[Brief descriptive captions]
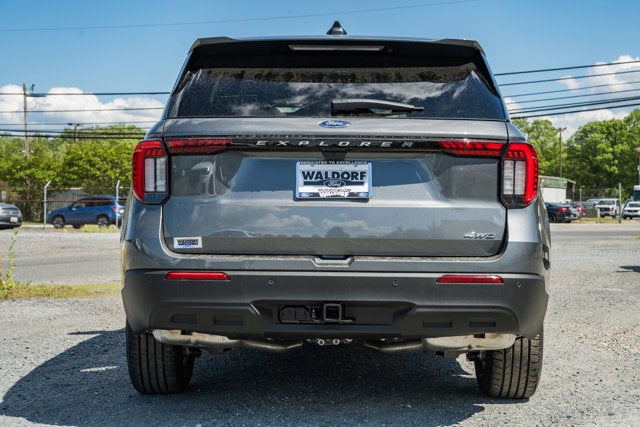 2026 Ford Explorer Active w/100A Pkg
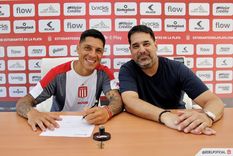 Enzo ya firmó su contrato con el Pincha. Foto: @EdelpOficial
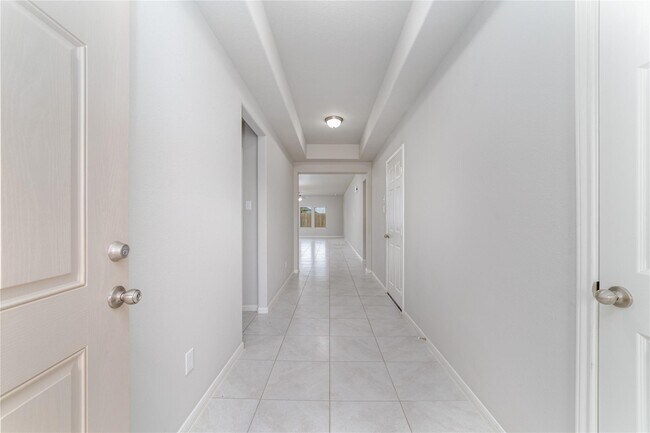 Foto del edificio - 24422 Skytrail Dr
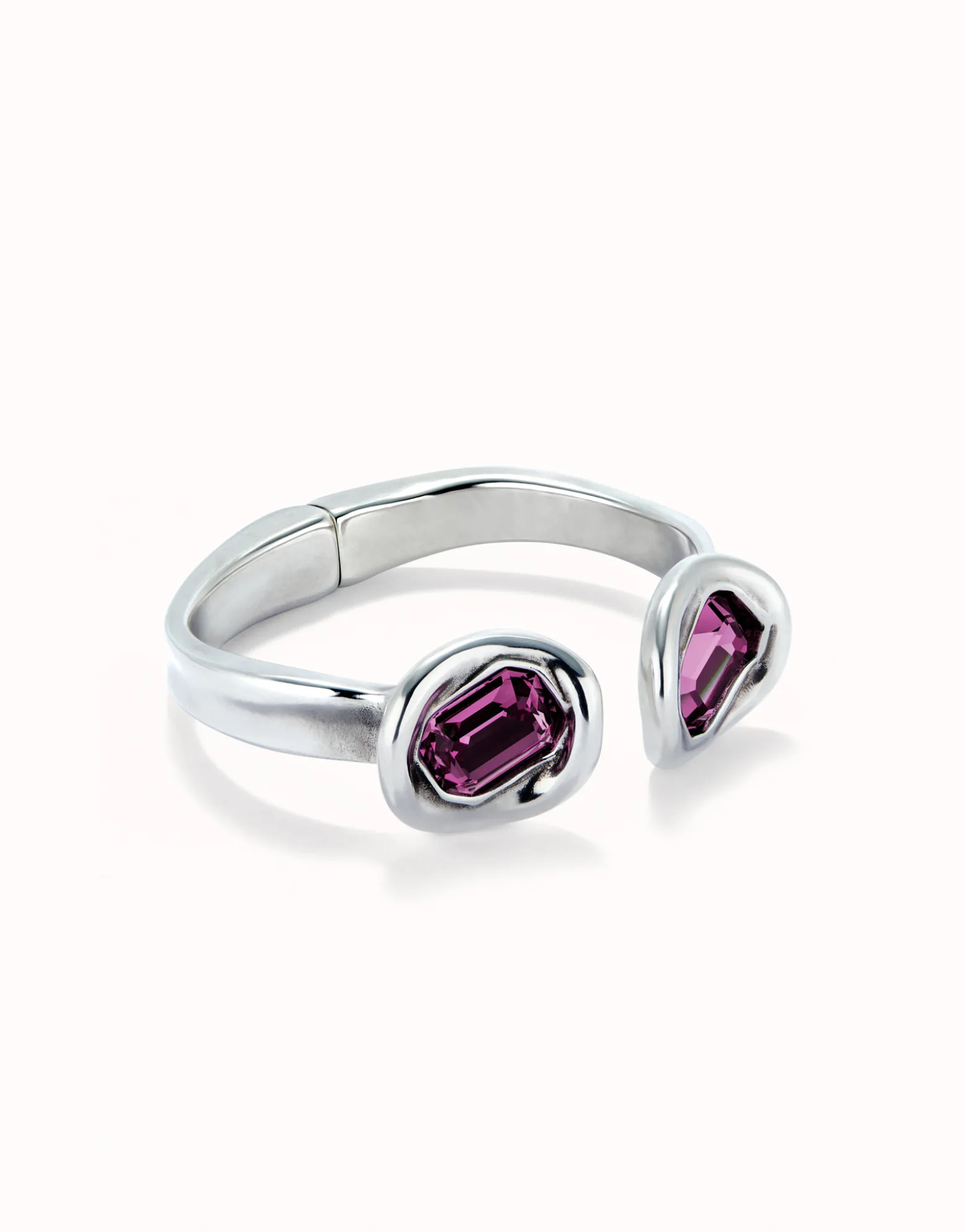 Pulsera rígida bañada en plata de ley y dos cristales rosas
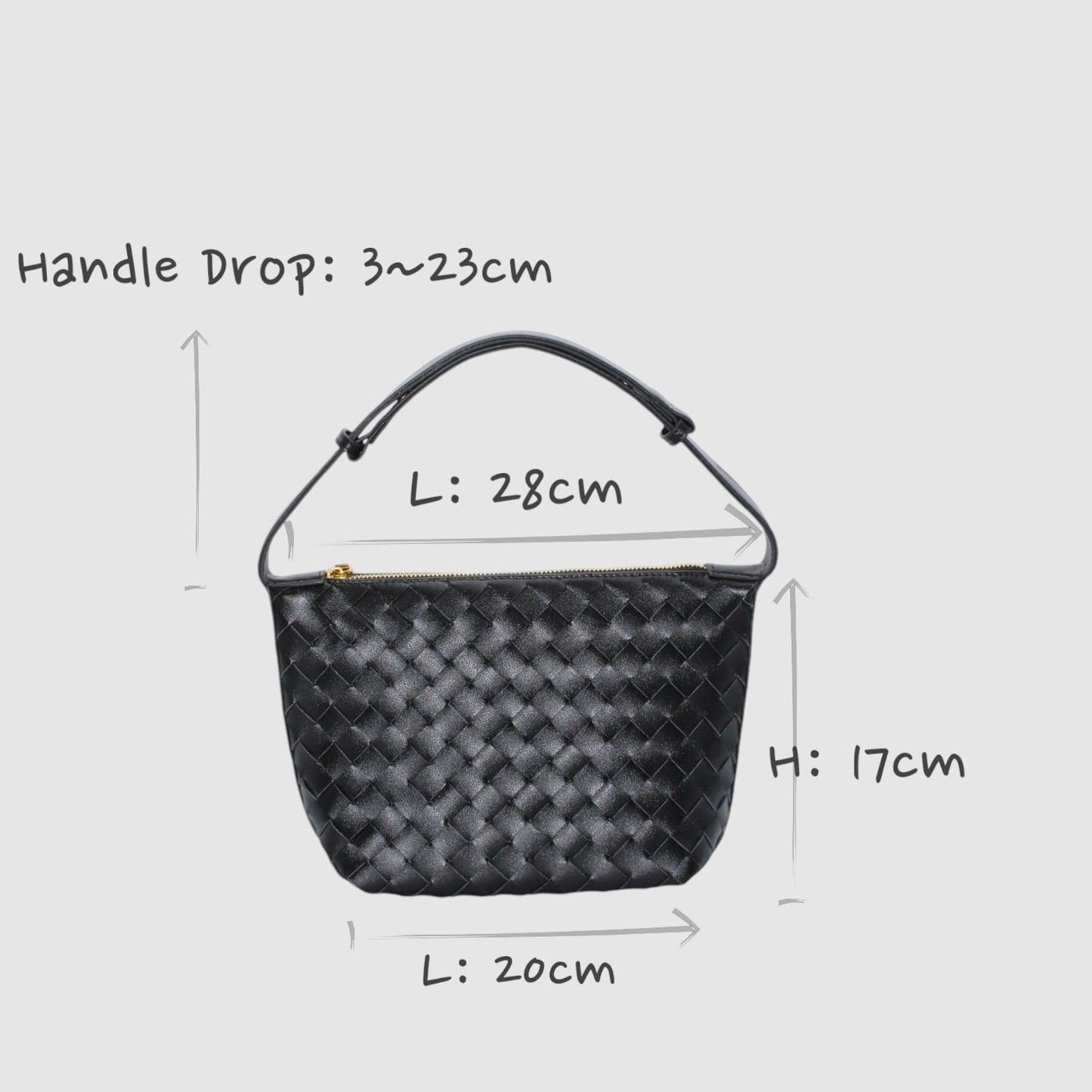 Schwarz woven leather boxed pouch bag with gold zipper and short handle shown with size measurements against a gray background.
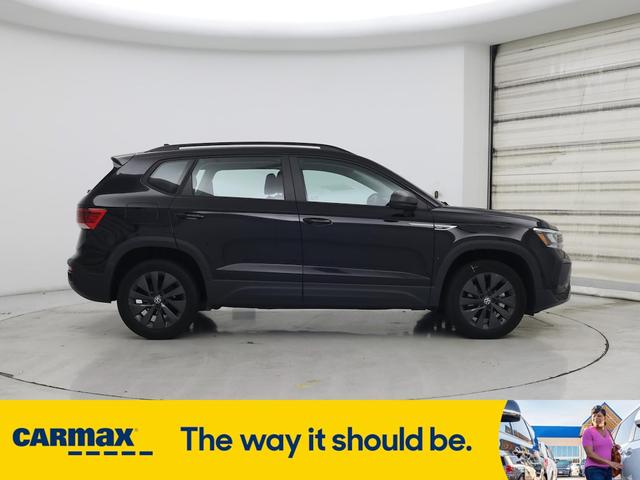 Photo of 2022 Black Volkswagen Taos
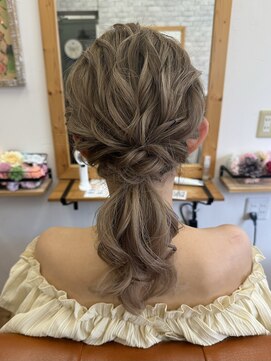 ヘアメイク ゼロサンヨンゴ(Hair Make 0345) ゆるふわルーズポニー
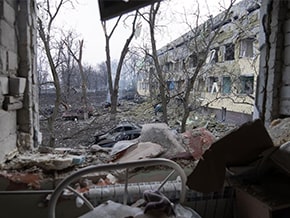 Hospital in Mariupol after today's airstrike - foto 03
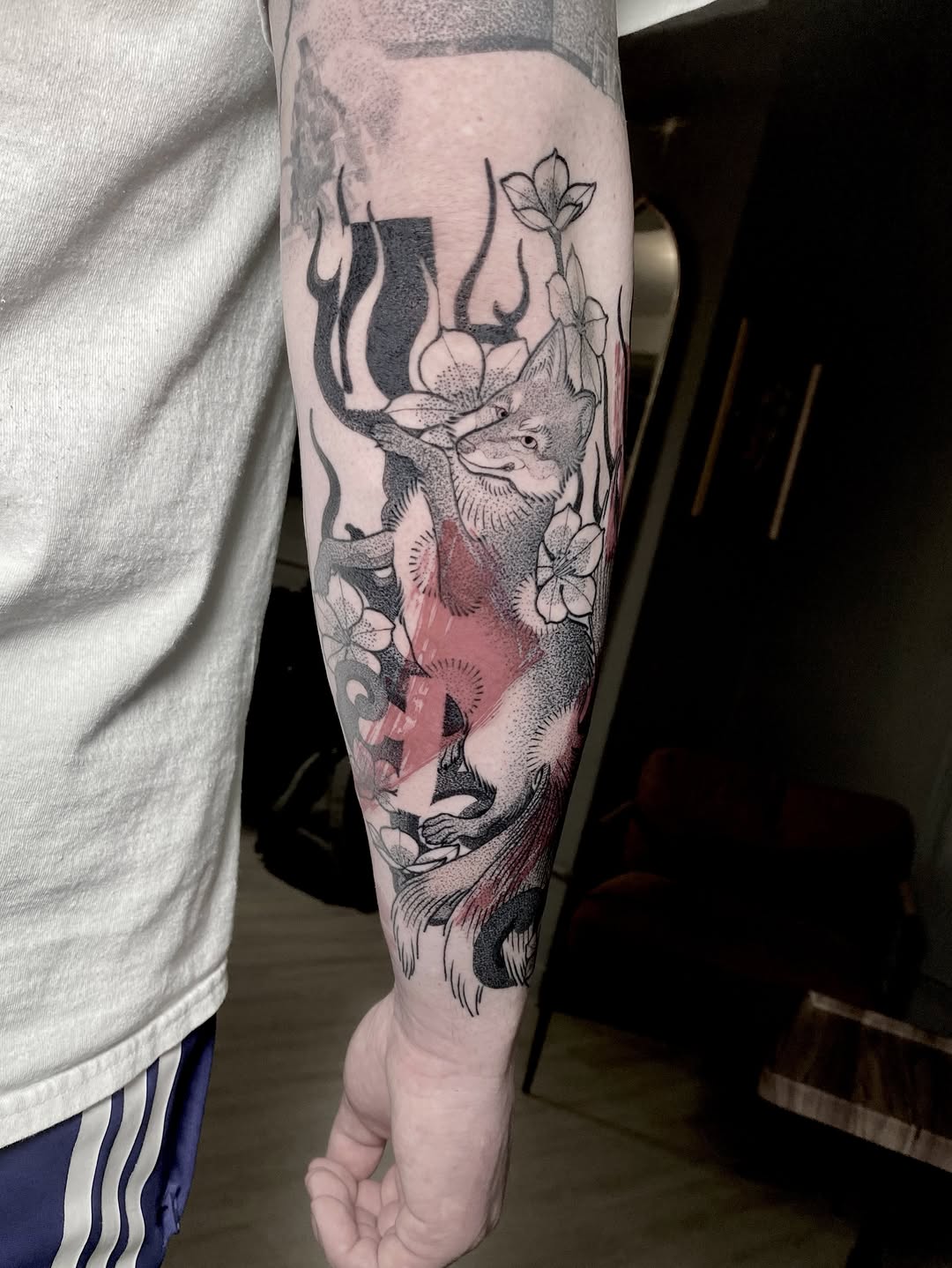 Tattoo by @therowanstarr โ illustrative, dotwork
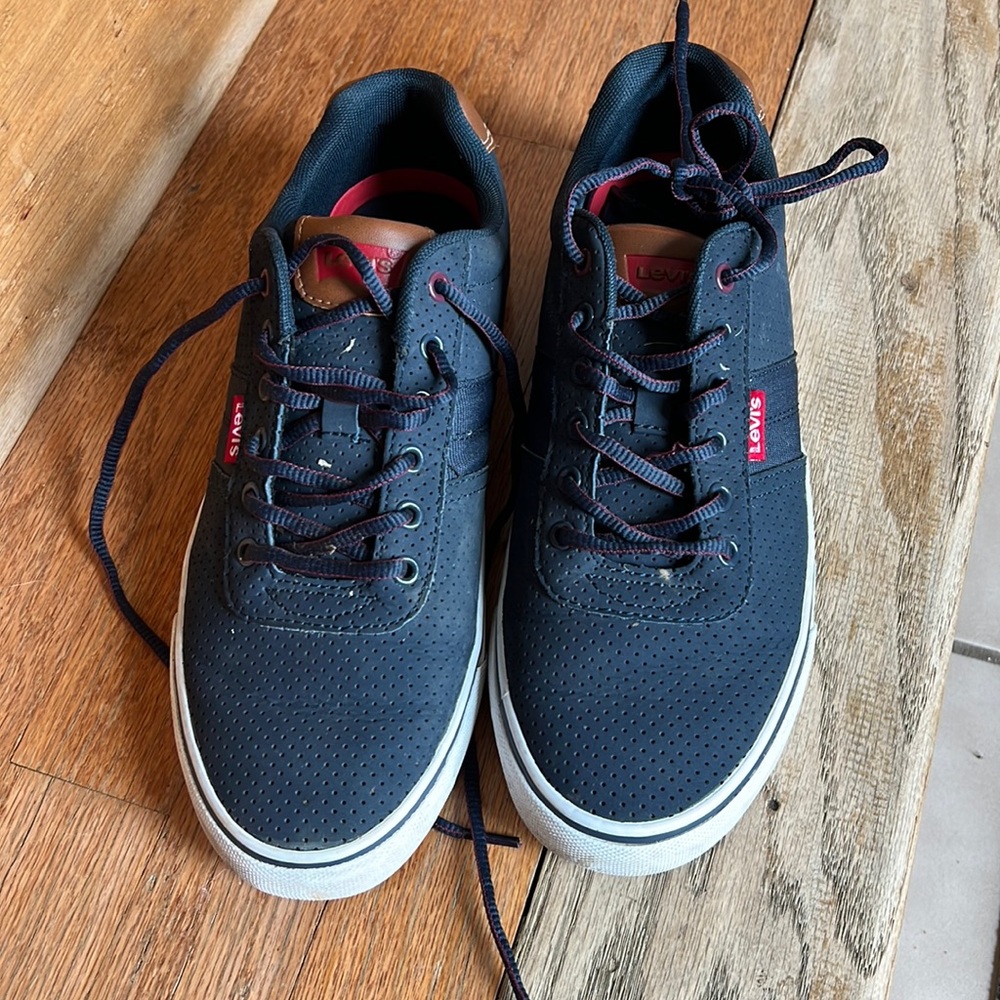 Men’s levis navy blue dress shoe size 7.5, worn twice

WORK ORDER
Extract only the lines from the line containing "Photo of 2022 Black Volkswagen Taos" through the final line of the records; keep both ends and drop every picture.

RESPONSE AREA
 Photo of 2022 Black Volkswagen Taos
 ヘアメイク ゼロサンヨンゴ(Hair Make 0345) ゆるふわルーズポニー
 Hospital in Mariupol after today's airstrike - foto 03
 Tattoo by @therowanstarr โ illustrative, dotwork
 Men’s levis navy blue dress shoe size 7.5, worn twice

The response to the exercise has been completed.